British Prime Minister Keir Starmer, on his first visit to Turkey since taking office last year, signed the deal with President Tayyip Erdogan and called it a “landmark moment”. Erdogan said joint defence industry projects could follow.
The deal, which some analysts called expensive, comes as Turkey seeks to leverage the advanced warplanes to make up ground with regional rivals such as Israel, which has unleashed strikes across the Middle East this year.
Europe has increasingly turned to Turkey, Nato’s second-largest military and a major exporter of armed drones, to reinforce its eastern flank and potentially backstop any future post-war stabilisation force in Ukraine.
PLANS FOR 24 MORE FROM OMAN AND QATAR
Separately, the defence ministry said Turkey plans to buy 12 more Typhoons each from Oman and Qatar.
Last week, citing a person familiar with the matter, Reuters reported Turkey was nearing a deal in which it would quickly receive 12 Typhoons, albeit lightly used, from Oman and Qatar to meet its immediate needs, with more new jets coming from Britain in future years.
London said Ankara would receive the first of the 20 Typhoons in 2030. Starmer said the deal, for which talks began in 2023, included an option to buy more.
Istanbul-based security and defence analyst Burak Yildirim called the £8bn price tag “outrageously high” and “unprecedented”, even if it includes options, ammunition, spare parts and training.
“They’re selling planes at frigate prices,” Yildirim said.
“The agreement is outright fraud. You can’t have a combat jet for £400m (R9.2bn). They’re selling one plane for the price of four.”
The sides did not give details on what, beyond the planes, was included in the deal.
FILLING GAPS IN TURKEY’S FLEET
In July, Turkey and Britain had signed a preliminary purchase deal for up to 40 Typhoons approved by Eurofighter consortium members including Germany, Italy and Spain, represented by Airbus, BAE Systems and Leonardo.
Last week, Erdogan visited Qatar and Oman in part to discuss the plan.
Turkey, enjoying its warmest ties with the West in years, has sought to procure the Eurofighters and also potentially US-made F-35s to backstop its ageing fleet of mostly F-16s.

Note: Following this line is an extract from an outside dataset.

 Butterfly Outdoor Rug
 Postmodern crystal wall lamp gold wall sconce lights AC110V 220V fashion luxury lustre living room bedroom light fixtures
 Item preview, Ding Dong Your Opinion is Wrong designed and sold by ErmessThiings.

It wants to fill a gap before its own Kaan fighters are ready in coming years, and last year it secured a $7bn (R120.5bn) deal with Washington for 40 F-16s that have faced delays.
Air attacks by Israel — the region’s most advanced military power with hundreds of US-supplied F-15, F-16 and F-35 fighters — on Turkey’s neighbours Iran and Syria, and on Lebanon and Qatar, have unnerved Ankara over the past year and persuaded it to revamp its defences, officials said.